Lanes writes perceptively on the drawings of Ernest H. Shepard (1879-1976), who brought A.A. Milne’s Winnie-the-Pooh to graphic life, and was the ideal artist for Kenneth Grahame’s Wind in the Willows.  Shepard, it seems, understood whimsy (Milne) and English countryside philosophizing (Grahame), and was able to capture both with his pen.  Also valuable is Lanes’ chapter on New Yorker writer E. B. White (1899-1985), who also wrote the classics Charlotte’s Web and Stuart Little.  Lanes argues that his brevity, style and honesty were all reflections of his inner self; a man who finely hones his talents and his emotions until they were worthy of a public airing.  White is a type much missed in the contemporary world.
But Lanes’ best chapter, as in the previous book, is on the evils of the culture of Political Correctness and how it neuters literature and emotion, and how poisonous it is in particular to children’s literature.  On one hand, Lanes bemoans an atmosphere that seeks to find intolerance when there is none.  She is against expurgated versions of Dr.
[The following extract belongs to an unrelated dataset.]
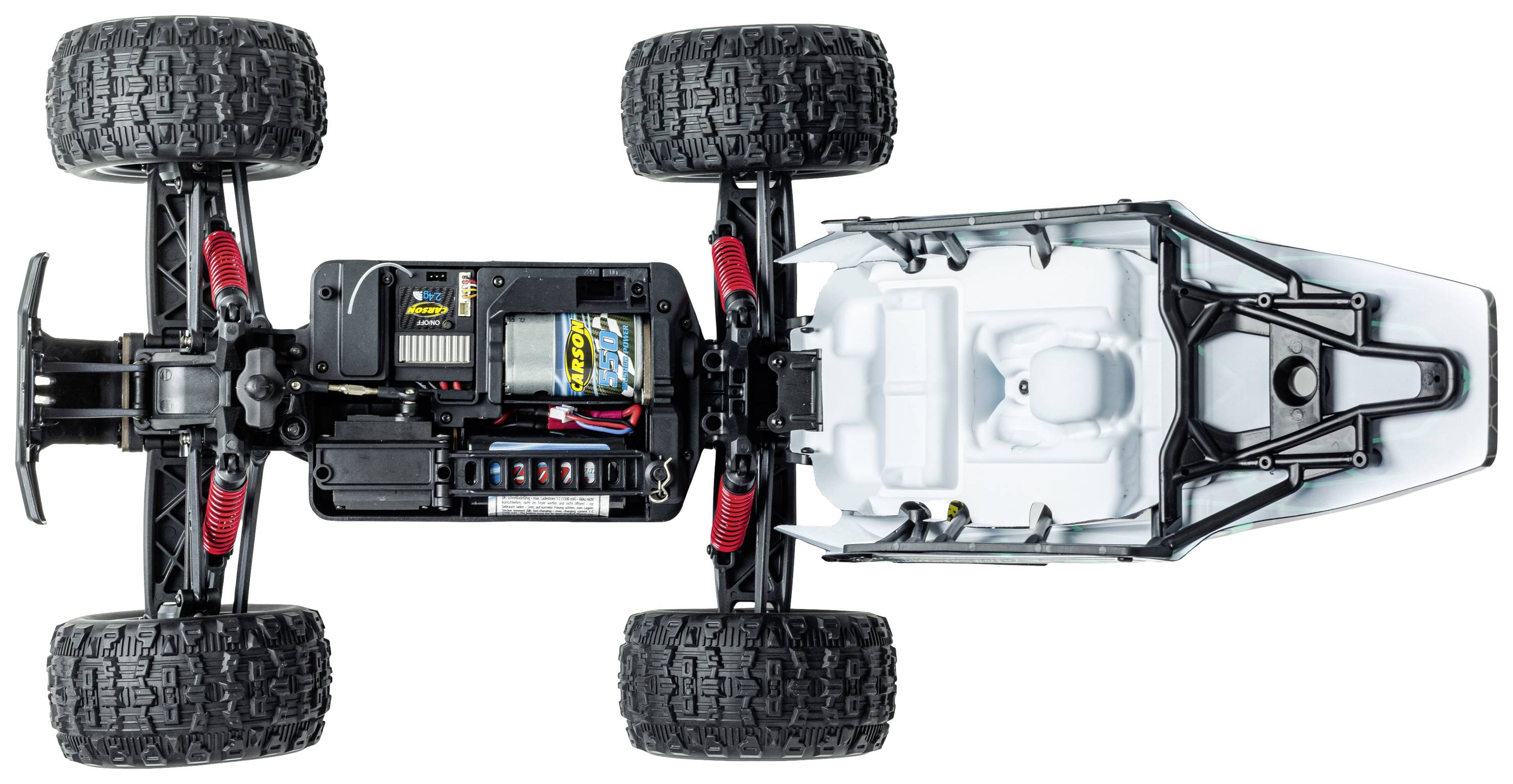 Remote-controlled model car viewed from underneath. The tyres, motor, and battery compartment are visible.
Doolittle, The Five Chinese Brothers, and the illustrated Yankee Doodle because she believes that children (a) are smart enough to understand historical context and (b) read for insights on character and not to underscore racial prejudices.  On the other hand, she also (rightly) abhors books that exist for no other reason than to make certain groups of people feel better about themselves.  As Lanes wisely put it: Now propaganda is an entirely legitimate and worthwhile endeavor when undertaken in a life-enhancing cause.  But those of us who choose books for children should be both willing and able to recognize the difference between propaganda and literature.
There is a great deal more in Lanes’ book (including insight on Winsor McCay, historian Roger Sale, and an excellent essay on Harry Potter written shortly before her death), and all of it smart, wise and very, very human.  Through the Looking Glass is still in print, and can be found at Books of Wonder in New York and online.  If you are even remotely interested in the subject, get it.